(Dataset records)
────

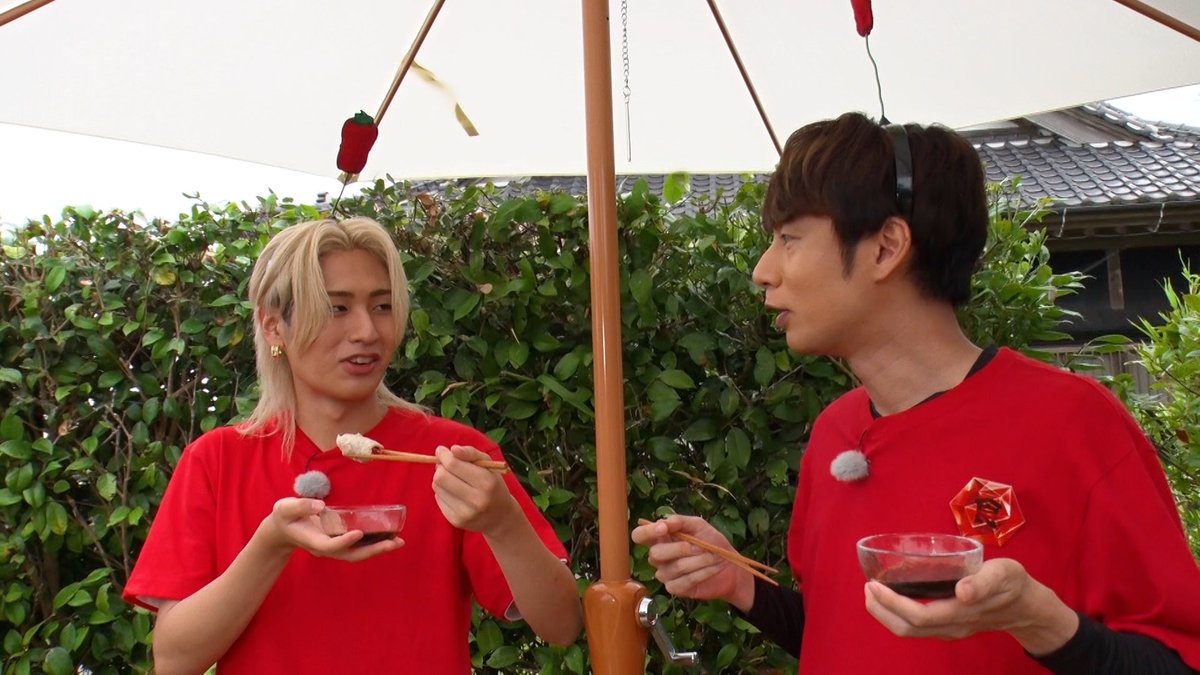 gettun_tbs's tweet photo. #ゲツンこぼれ話

美味い❗️連発の赤ピーマンランド😋

💚「中丸さんの食リポは
本当に美味しそうなので勉強したい」

意気込んだ猪狩さんでしたが
中丸さんと丸かぶりしたりと苦戦😂

❤️「美味しいのは伝わってるから良いね」
和気藹々と完熟赤ピーマンを堪能したお二人でした♡ https://t.co/oGDVKV0sNa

────

» **WHAT THIS TASK INVOLVES**: Nothing but the lines from the one containing "本当に美味しそうなので勉強したい」" through the last line of the data above should be given again, each exactly as it stands.

» **OUTPUT FOR THIS EXERCISE**:
本当に美味しそうなので勉強したい」

意気込んだ猪狩さんでしたが
中丸さんと丸かぶりしたりと苦戦😂

❤️「美味しいのは伝わってるから良いね」
和気藹々と完熟赤ピーマンを堪能したお二人でした♡ https://t.co/oGDVKV0sNa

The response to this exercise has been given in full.